2. In onderdeel b wordt ‘€ 6.482’ vervangen door ‘€ 7.129’.
B
Artikel 11 wordt als volgt gewijzigd:
1. Het eerste lid wordt als volgt gewijzigd:
a. In onderdeel a wordt ‘€ 1.749’ vervangen door ‘€ 1.889’, wordt ‘5,50%’ vervangen door ‘5,43%’, wordt ‘€ 2.670,21’ vervangen door ‘€ 2.878,39’ en wordt ‘€ 5.032,83’ vervangen door ‘€ 5.524,71’.
b. In onderdeel b wordt ‘€ 1.749’ vervangen door ‘€ 1.889’, wordt ‘5,50%’ vervangen door ‘5,43%’ en wordt ‘€ 5.032,83’ vervangen door ‘€ 5.524,71’.
c. In onderdeel c wordt ‘€ 1.749’ vervangen door ‘€ 1.889’, wordt ‘5,50%’ vervangen door ‘5,43%’, wordt ‘€ 2.380,99’ vervangen door ‘€ 2.564,26’ en wordt ‘€ 5.032,83’ vervangen door ‘€ 5.524,71’.
2. Het tweede lid wordt als volgt gewijzigd:
a. In onderdeel a wordt ‘€ 1.336’ vervangen door ‘€ 1.422’, wordt ‘€ 22.356’ telkens vervangen door ‘€ 25.070’ en wordt ‘13,61%’ vervangen door ‘13,64%’.
b. In onderdeel b wordt ‘€ 2.553’ vervangen door ‘€ 2.715’, wordt ‘€ 22.356’ telkens vervangen door ‘€ 25.070’ en wordt ‘13,61%’ vervangen door ‘13,64%’.
C
Artikel 12 wordt als volgt gewijzigd:
1. In onderdeel a wordt ‘€ 2.183’ vervangen door ‘€ 2.234’.
2. In onderdeel b wordt ‘€ 1.220’ vervangen door ‘€ 1.249’.
D
Artikel 13 wordt als volgt gewijzigd:
1. In het eerste lid wordt ‘€ 10.028’ vervangen door ‘€ 10.932’.
2. In het tweede lid wordt ‘€ 11.766’ vervangen door ‘€ 12.830’.
3. In het derde lid wordt ‘€ 7.555’ vervangen door ‘€ 8.660’.
4. In het vierde lid wordt ‘€ 15.281’ vervangen door ‘€ 17.438’.
Deze regeling zal met de toelichting in de Staatscourant worden geplaatst.

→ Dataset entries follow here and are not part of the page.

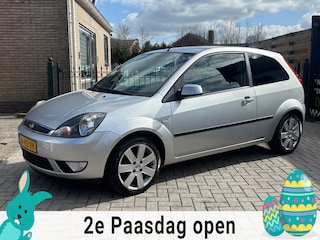 Ford Fiesta 1.3 Futura | 3drs | airco |trekhaak| facelift | lange apk | top onderhouden
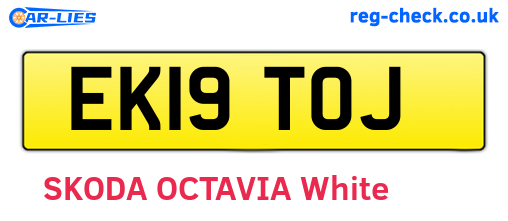 EK19TOJ are the vehicle registration plates.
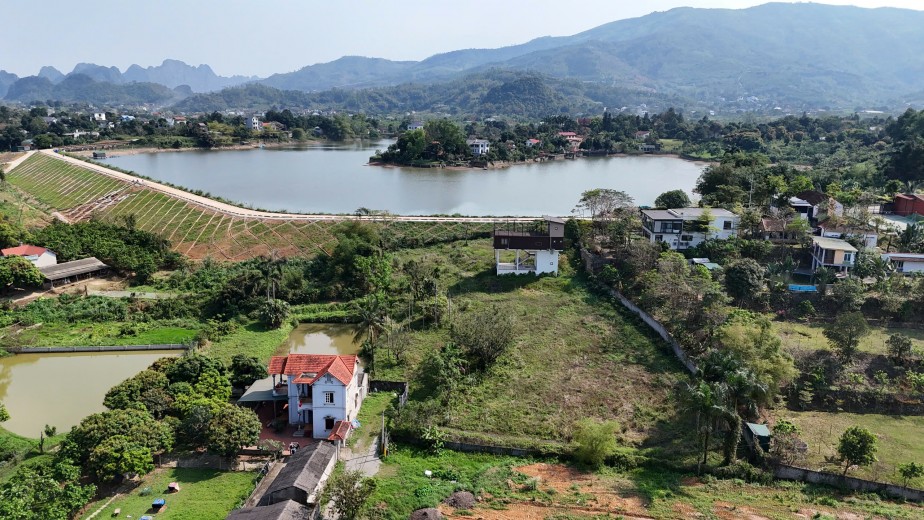 ĐẤT NGHỈ DƯỠNG SẴN KHUÔN VIÊN VIEW HỒ THOÁNG MÁT.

De Staatssecretaris van Volksgezondheid, Welzijn en Sport, V. Maeijer
Met deze regeling zijn de bedragen voor 2025 vastgesteld die relevant zijn voor de berekening op basis van de t-2 systematiek van de eigen bijdragen voor zorg op grond van de Wet langdurige zorg (hierna: Wlz) en voor beschermd wonen op grond van de Wet maatschappelijke ondersteuning 2015 (hierna: Wmo 2015). Daarnaast is de hoogte van het zogenoemde abonnementstarief als bedoeld in de Wmo 2015 herzien.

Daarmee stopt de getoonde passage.